* [Exercise aim]:
All of the data that follows should be given again exactly, without its images.

* [Collected material]:

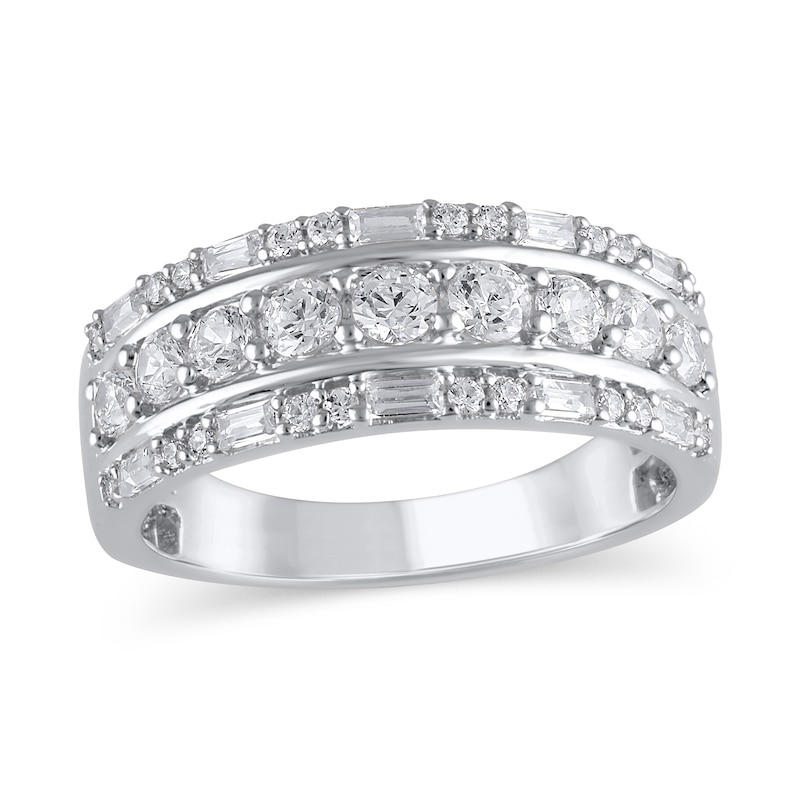 Main Image 1 of 1 CT. T.W. Baguette and Round Diamond Triple Row Band in 14K White Gold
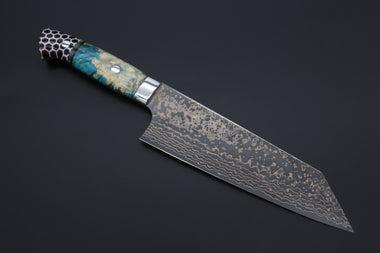 Takeshi Saji Bunka Takeshi Saji SUMMIT ― Limited Edition Custom Series SMT-1077 VG-10W Multi-Colored Golden-Rainbow Damascus Bunka 175mm (6.8 Inch)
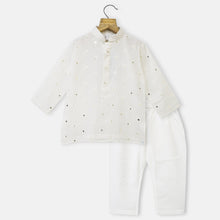 Load image into Gallery viewer, White Mirror Embroidered Kurta With Pajama
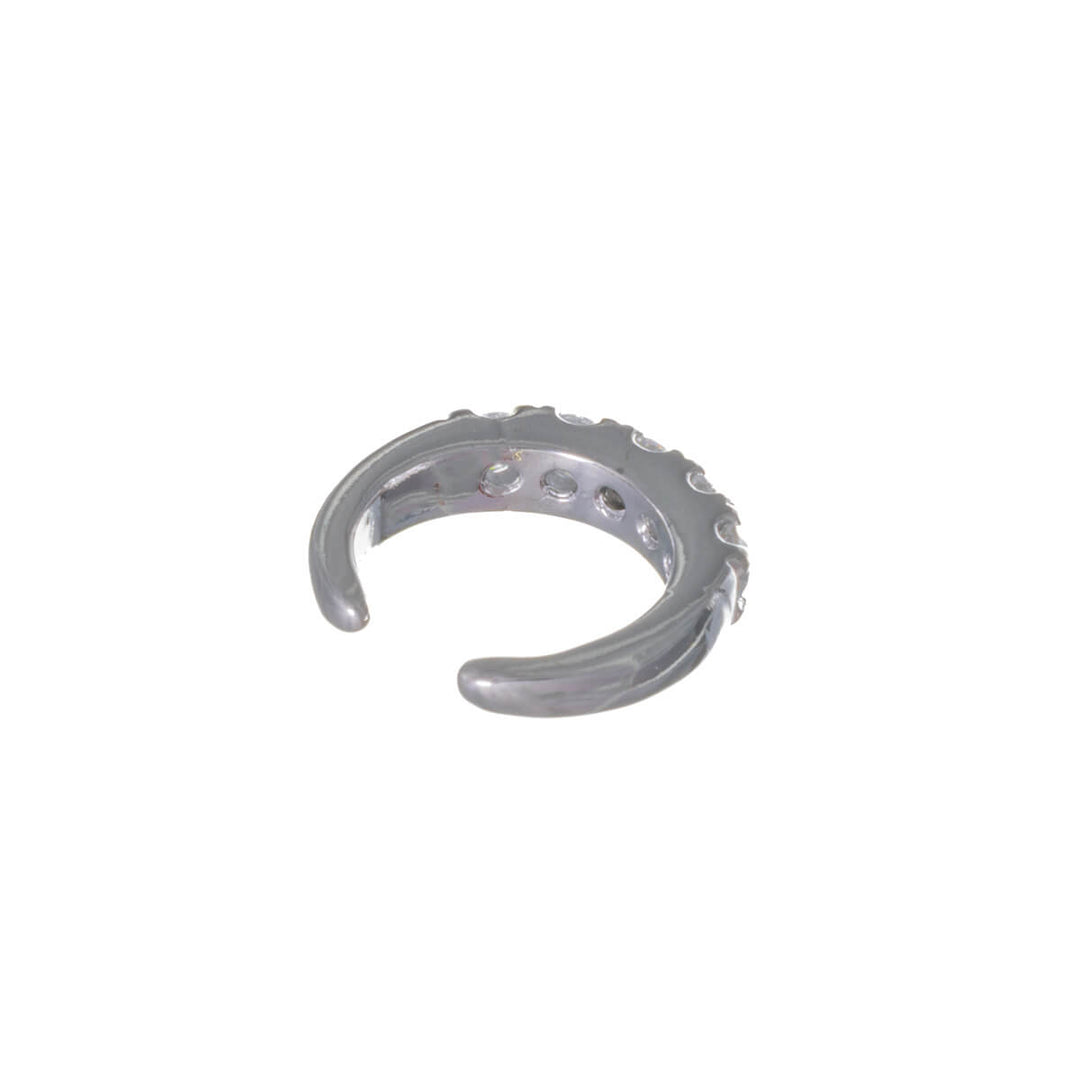 Single-row ear cuff with zirconia stones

* [Answer area]:
 Main Image 1 of 1 CT. T.W. Baguette and Round Diamond Triple Row Band in 14K White Gold
 Takeshi Saji Bunka Takeshi Saji SUMMIT ― Limited Edition Custom Series SMT-1077 VG-10W Multi-Colored Golden-Rainbow Damascus Bunka 175mm (6.8 Inch)
 Load image into Gallery viewer, White Mirror Embroidered Kurta With Pajama
 Single-row ear cuff with zirconia stones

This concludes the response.